When she said good-bye and turned off the tablet, she missed them like a limb.

She worked in the mat room for an hour, tried to settle down at her laptop. But the contact with family left her restless and blue.

Time to get out, she told herself. She’d yet to take real pictures in town, real studies of the marina. What better way to spend the rest of a Sunday afternoon? Then she’d come home and cook something besides scrambled eggs or a grilled cheese sandwich in her gorgeous new kitchen.

Pleased with herself, she drove into town, dumped her car, and just walked. No errands to run, no chores to deal with. Just walk and study and compose shots.

The sailboat called Maggie Mae, its paint white as a bridal gown and its sails lowered, its shining brightwork. The cabin cruiser decked out with balloons for a party, the fishing boat of dull gray that made her think of a sturdy old workhorse.

All the masts naked and swaying into blue sky, and reflected blurrily in the water.

And farther out, a couple zipping along on Sea-Doos, their busy speed a perfect contrast to the dreamy waiting of the docked boats.

She treated herself to an orange Fanta—a staple of her teen years—and climbed back in the car with plans to spend the evening working on the prints.

She rounded a turn.

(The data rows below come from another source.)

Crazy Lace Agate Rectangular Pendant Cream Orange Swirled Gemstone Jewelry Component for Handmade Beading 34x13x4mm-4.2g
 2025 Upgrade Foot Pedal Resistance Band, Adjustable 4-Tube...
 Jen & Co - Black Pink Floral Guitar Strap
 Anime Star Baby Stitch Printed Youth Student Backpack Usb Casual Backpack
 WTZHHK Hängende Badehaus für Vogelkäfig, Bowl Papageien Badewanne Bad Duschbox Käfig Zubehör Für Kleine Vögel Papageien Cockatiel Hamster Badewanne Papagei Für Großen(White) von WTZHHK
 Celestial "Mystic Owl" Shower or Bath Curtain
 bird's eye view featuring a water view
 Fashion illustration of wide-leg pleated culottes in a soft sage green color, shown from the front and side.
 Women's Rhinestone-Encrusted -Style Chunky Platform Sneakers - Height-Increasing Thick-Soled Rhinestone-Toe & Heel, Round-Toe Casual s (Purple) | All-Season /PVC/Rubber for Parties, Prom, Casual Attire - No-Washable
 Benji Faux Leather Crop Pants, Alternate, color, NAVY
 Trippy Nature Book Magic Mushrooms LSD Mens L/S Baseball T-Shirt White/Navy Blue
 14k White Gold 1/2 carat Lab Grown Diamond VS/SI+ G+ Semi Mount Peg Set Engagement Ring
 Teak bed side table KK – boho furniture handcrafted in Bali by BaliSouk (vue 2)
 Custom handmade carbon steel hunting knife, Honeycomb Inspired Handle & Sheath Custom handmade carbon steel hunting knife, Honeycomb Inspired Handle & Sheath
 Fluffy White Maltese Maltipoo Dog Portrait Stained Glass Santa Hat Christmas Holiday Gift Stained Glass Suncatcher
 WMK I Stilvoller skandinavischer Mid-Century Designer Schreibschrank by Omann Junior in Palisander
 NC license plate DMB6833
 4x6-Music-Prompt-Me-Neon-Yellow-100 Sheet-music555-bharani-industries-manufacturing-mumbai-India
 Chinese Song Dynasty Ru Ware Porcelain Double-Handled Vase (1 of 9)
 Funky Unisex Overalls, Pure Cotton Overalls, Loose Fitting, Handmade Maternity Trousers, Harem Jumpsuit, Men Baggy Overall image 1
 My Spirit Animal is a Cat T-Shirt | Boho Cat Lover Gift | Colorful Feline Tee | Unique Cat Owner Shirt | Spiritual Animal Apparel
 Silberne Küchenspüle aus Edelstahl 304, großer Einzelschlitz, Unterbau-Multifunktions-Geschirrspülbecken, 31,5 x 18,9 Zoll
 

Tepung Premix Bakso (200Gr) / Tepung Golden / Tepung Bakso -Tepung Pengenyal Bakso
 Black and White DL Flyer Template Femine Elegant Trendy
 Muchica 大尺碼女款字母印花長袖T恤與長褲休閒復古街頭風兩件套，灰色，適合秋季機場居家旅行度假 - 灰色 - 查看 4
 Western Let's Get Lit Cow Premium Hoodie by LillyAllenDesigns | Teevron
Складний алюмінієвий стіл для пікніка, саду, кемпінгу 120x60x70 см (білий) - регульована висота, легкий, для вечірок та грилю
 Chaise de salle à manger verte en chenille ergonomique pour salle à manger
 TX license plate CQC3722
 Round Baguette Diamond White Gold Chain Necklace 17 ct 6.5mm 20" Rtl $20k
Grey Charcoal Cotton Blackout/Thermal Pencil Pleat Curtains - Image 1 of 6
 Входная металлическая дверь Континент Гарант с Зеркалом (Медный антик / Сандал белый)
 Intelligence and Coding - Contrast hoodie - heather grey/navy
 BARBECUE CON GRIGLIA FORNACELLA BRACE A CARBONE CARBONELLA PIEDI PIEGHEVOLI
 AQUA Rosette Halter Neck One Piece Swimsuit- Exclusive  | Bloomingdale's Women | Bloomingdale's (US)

Slammed the brakes.

It wasn’t a deer this time, but a dog. Not in the road, but limping on the shoulder. She started to drive on—not her dog, not her deal—but it took another couple of steps, then just lay down as if hurt or sick.

“Damn it.”

She couldn’t just drive away, so she pulled over, even as she asked herself what the hell she was supposed to do.